Я стоял на вершине горы Скотт и смотрел вниз на равнину, заполняющую весь окоём. Порывистый ветер налетает на горные склоны, и временами его можно слышать – он шумит, словно река в ущелье. В давние времена здесь шла бойкая торговля. Лет сто назад кайова и команчи отправлялись от гор Уичито во все стороны на поиски приключений и амулетов, коней и заложников. Порою они пропадали годами, но неизменно возвращались, ибо родная земля крепко держала их. Это священное место, и даже сейчас есть в нем некая первозданность. Антилопы и олени, лонгхорны и бизоны пасутся в лугах или – ближе к горам – прячутся в тенистых рощах. Именно здесь, считают кайова, появился на свет первый бизон.
К северо-западу от гор Уичито виден поросший травой желтый холм. Он получил название Горы Дождей. На западной его стороне сохранились развалины старой школы, куда моя бабушка (в ту пору девочка-дичок с косами) бегала в одеяле-накидке учить английские слова, означающие предметы и цифры.
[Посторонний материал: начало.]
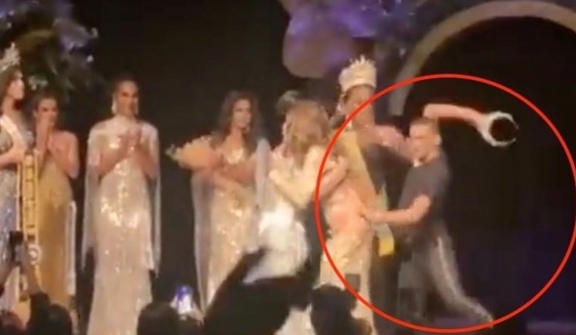 Angered husband rushes to snatch crown after wife wins miss Brazil runner-up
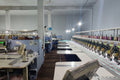 Textile factory interior with sewing machines and equipment.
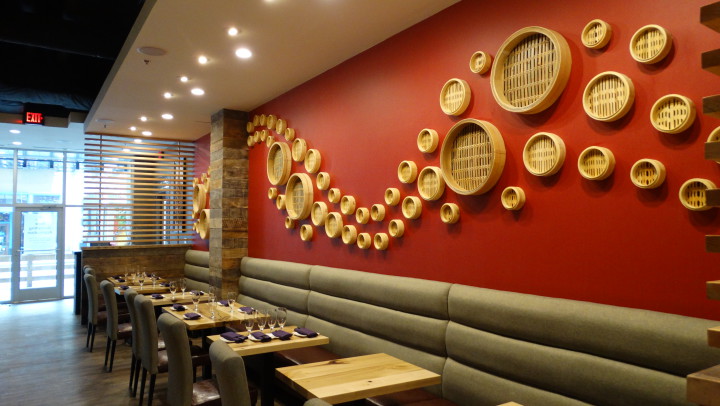 Traditional bamboo steamer baskets line the wall at the newly opened Red Ginger Dimsum & Tapas restaurant. (Photo by Krista L. White)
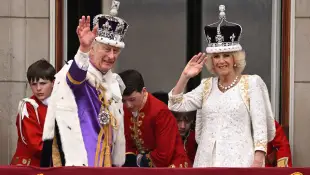 König Charles und Königin Camilla nach ihrer Krönung winkend auf dem Balkon des Palastes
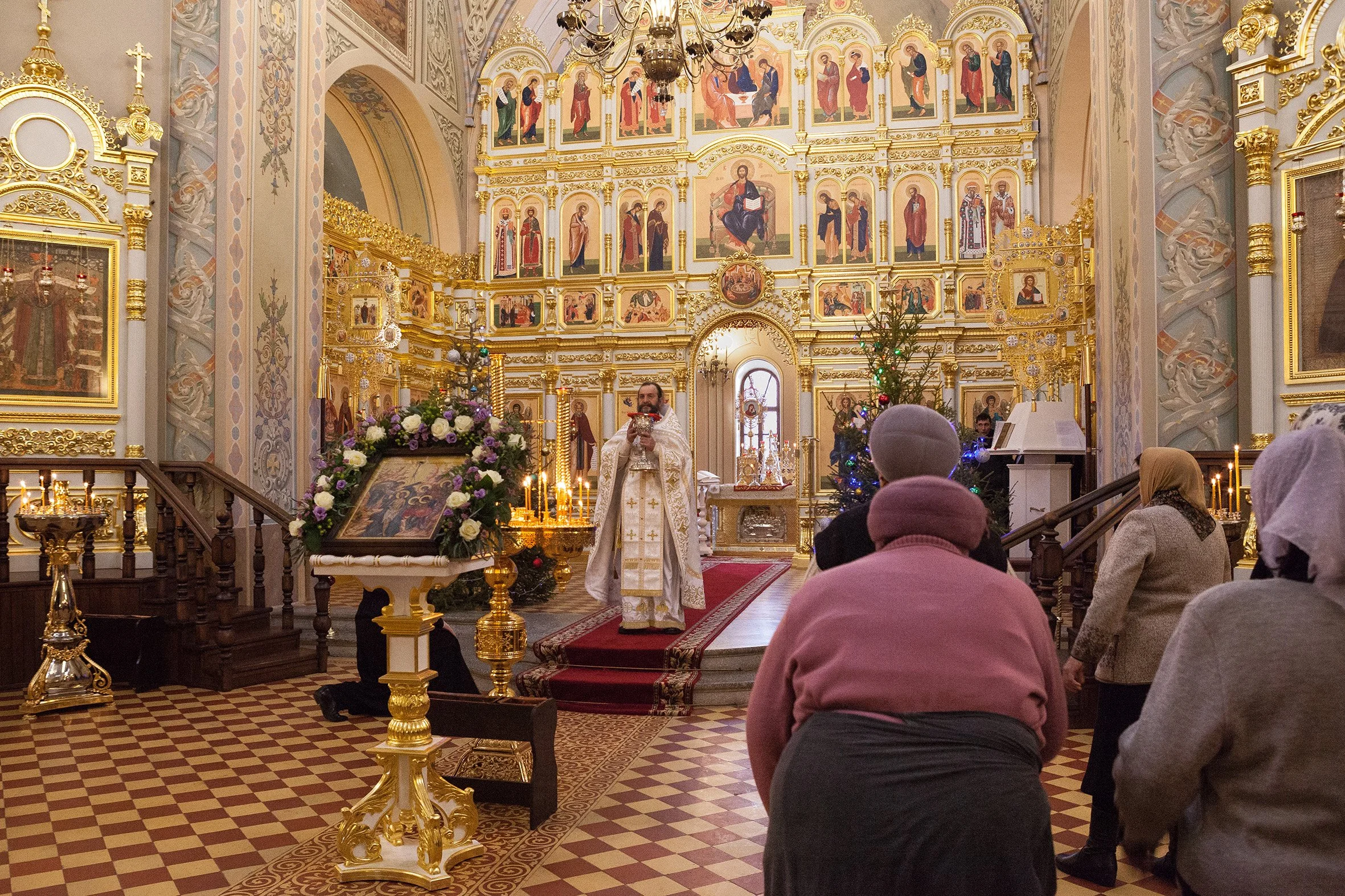 Une cérémonie religieuse dans une église orthodoxe, avec un prêtre en costume blanc devant l'autel orné d'icônes et de bougies, des personnes priant, un arbre de Noël décoré, et une décoration riche en dorures.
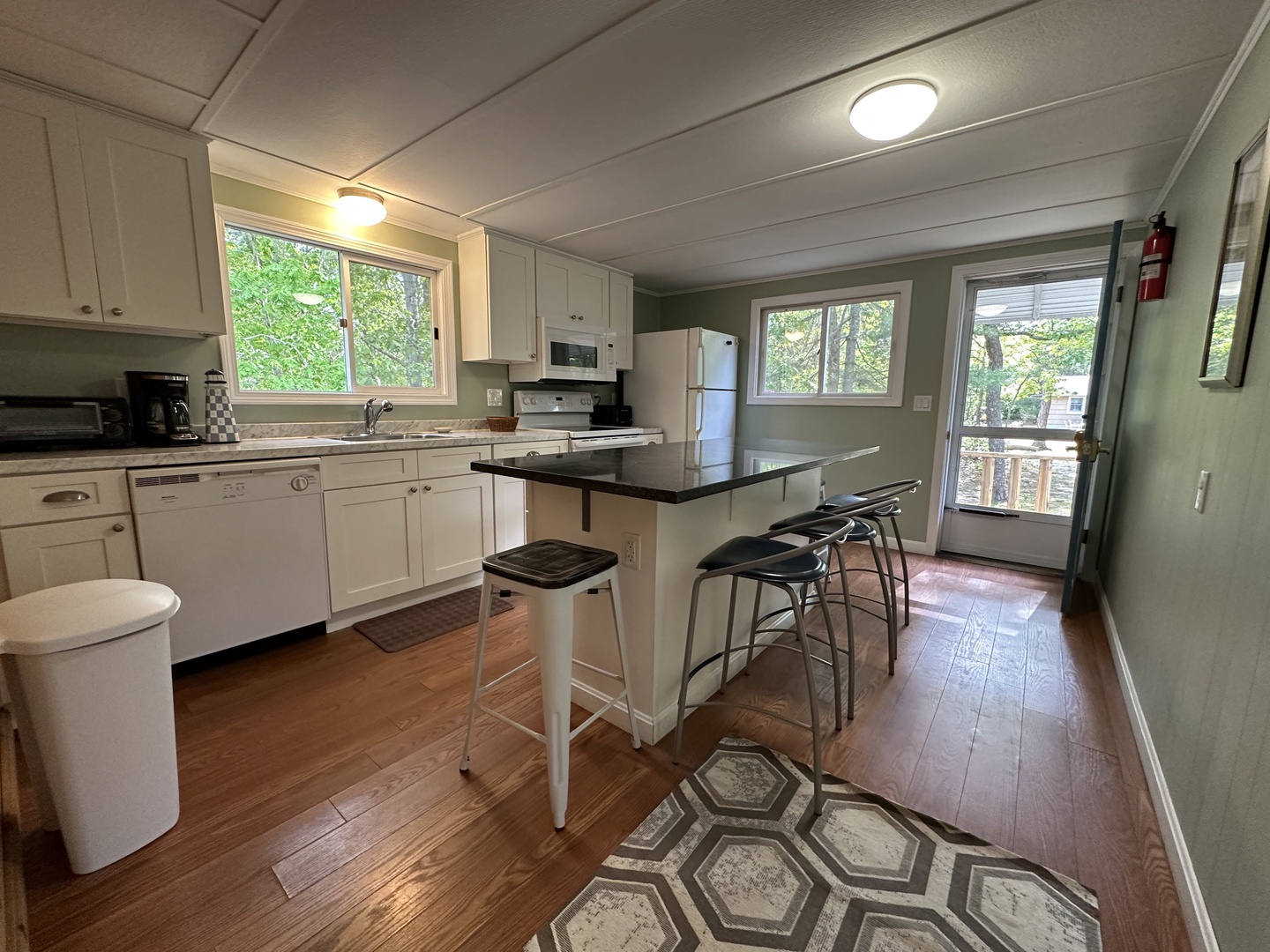 Your fully equipped kitchen invites culinary adventures with sleek counters, modern appliances, and a breakfast bar perfect for morning coffee or evening conversations.
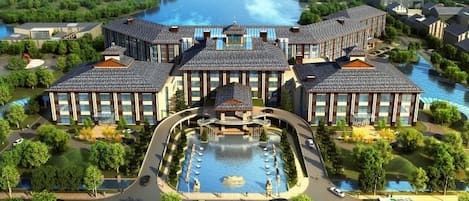 Un hotel de varios pisos con un patio central, piscina y vistas al río.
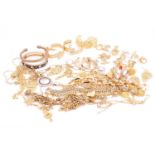 A collection of gold-plated costume jewellery comprising twenty-two rings, seven pairs of earrings, 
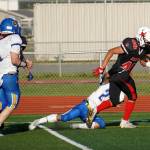 Kenais Bobby Hayes moves down the field with the ball, being dragged down by Kodiaks Steven Pascua, during a season opening game at Ed Hollier Field in Kenai, Alaska, on Friday, Aug. 11, 2023. (Jake Dye/Peninsula Clarion)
Там она и похоронена…
Твоё по сути имя – имя камня.
Смятённый смертью ум живёт в тени
Неведомого наименованья,
В котором здесь твоё я слышу имя.
Багрово, как охотница-луна,
Светило утра скачет по равнине;
Гора горит; к полудню – тишина
Уже в тени, хранящей это имя
В непроходимой мёртвой плоти камня.
( Перевод А.Сергеева)
Мне интересно вот что: человек изо дня в день видит определенный пейзаж, и увиденное каким- то образом входит в его плоть и кровь. Ведь в процессе жизни именно это и происходит. Ни один человек не может существовать в полном отрыве от родной земли. Такая изоляция немыслима. Рано или поздно мы должны определить свои отношения с окружающим миром – я имею в виду главным образом мир физический: и не только с таким, как он ощущается нами непосредственно, вот в эту минуту, но и таким, каким он открывается нам – куда более достоверно – в длительной смене лет и времен года. Притом отношения эти должны основываться на категориях нравственности. Полагаю, у нас нет иного пути, если мы хотим осознать и сохранить свою человеческую сущность, ибо она, эта сущность, должна находить выражение не только в практической идее сохранения жизни на земле, но и в этической. И это особенно важно именно сейчас, и именно у нас на родине. Нам, американцам, более чем когда-либо – и в большей мере, чем мы это сами сознаем, – необходимо понять, кто мы и что по отношению к земле и небу. Я говорю прежде всего о самом акте воображения и об этической основе нашего отношения к американской земле.
В 1970 году, без сомнения, довольно трудно представить себе, какой была природа Америки, скажем, в 1900 году. Все нынешнее столетие страна наша только и делала, что отрекалась от пасторального идеала, столь ощутимого в искусстве и литературе XIX века. Одно из последствий технической революции в том и заключается, что нас отрывают от родной почвы. По- моему, мы теряем ориентацию, у нас произошло некое психологическое смещение во времени и в пространстве. Мы можем точно знать, где ближайший магазин самообслуживания и сколько осталось до перерыва на обед; но едва ли кто-нибудь из нас знает свое положение относительно звезд или ближайшего солнцестояния. Ощущение естественного порядка стало у нас ненадежным и смутным. Не тронутых цивилизацией мест остается все меньше и меньше.